In another effort to simplify the process, students will no longer be required to take a year of classes in their host country’s language before going abroad.

Once abroad, however, they must take either one course in the language of the host country or one course on that language that is taught in English.

But the Faculty said this requirement could be waived for certain special circumstances.

The vote of approval capped a year-long effort by the Faculty to facilitate foreign study opportunities for students.

In the fall, the Faculty commissioned James T. Grimmelmann ’99 to produce a report examining the state of study abroad at Harvard.

As a result, the Faculty’s Standing Committee on Study Out of Residence was charged with shaping a set of recommendations for revamping Harvard’s study abroad system.

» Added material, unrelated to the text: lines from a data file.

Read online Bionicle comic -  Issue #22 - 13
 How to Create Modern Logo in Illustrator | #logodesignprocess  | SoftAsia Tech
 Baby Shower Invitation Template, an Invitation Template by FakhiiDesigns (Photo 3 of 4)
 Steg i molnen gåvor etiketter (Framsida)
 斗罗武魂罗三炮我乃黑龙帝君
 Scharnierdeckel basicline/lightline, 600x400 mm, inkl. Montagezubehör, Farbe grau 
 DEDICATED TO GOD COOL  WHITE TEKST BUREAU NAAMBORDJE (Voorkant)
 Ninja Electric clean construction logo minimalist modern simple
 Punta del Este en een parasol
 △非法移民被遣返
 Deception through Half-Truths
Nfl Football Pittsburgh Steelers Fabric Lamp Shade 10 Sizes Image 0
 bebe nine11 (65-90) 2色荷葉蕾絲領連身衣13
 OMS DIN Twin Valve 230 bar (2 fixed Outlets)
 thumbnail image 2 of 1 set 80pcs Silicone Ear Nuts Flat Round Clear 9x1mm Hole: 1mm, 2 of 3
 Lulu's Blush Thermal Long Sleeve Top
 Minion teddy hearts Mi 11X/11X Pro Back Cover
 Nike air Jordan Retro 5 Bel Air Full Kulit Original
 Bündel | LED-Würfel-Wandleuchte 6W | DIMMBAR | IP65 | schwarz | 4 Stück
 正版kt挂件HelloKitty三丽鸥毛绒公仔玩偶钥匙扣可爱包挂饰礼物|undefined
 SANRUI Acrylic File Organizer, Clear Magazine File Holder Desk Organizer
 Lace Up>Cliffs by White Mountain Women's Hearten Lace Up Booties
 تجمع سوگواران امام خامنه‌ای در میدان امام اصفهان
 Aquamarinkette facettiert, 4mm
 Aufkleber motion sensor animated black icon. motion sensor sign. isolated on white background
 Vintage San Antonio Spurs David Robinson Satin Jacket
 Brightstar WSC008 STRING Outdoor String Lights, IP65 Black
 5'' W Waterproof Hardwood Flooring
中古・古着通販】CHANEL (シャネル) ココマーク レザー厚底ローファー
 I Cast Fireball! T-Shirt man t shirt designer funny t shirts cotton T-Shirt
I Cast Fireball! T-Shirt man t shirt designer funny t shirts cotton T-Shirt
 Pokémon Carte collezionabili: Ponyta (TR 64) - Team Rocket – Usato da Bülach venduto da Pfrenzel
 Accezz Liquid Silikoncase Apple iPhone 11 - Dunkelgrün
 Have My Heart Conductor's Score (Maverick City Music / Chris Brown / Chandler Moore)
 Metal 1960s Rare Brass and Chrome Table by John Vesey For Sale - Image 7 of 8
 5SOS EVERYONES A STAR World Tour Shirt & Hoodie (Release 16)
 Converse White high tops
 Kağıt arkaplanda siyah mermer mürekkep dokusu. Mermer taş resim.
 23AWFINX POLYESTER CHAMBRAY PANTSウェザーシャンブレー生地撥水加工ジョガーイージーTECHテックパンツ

The Committee on Undergraduate Education (CUE), the Educational Policy Committee and the Faculty Council used those recommendations to craft the legislation approved yesterday.

Rohit Chopra ’04, one of the students members of CUE, told the Faculty at yesterday’s meeting that changing policy is only the first step in making study abroad a more attractive option to students.

“It is critical that this strong support turn into significant conversation and even debate within departments of how studying abroad will most contribute to the overall intellectual experience of their concentrators,” Chopra said.

The Committee on Study Out of Residence will work this summer to implement the changes approved yesterday.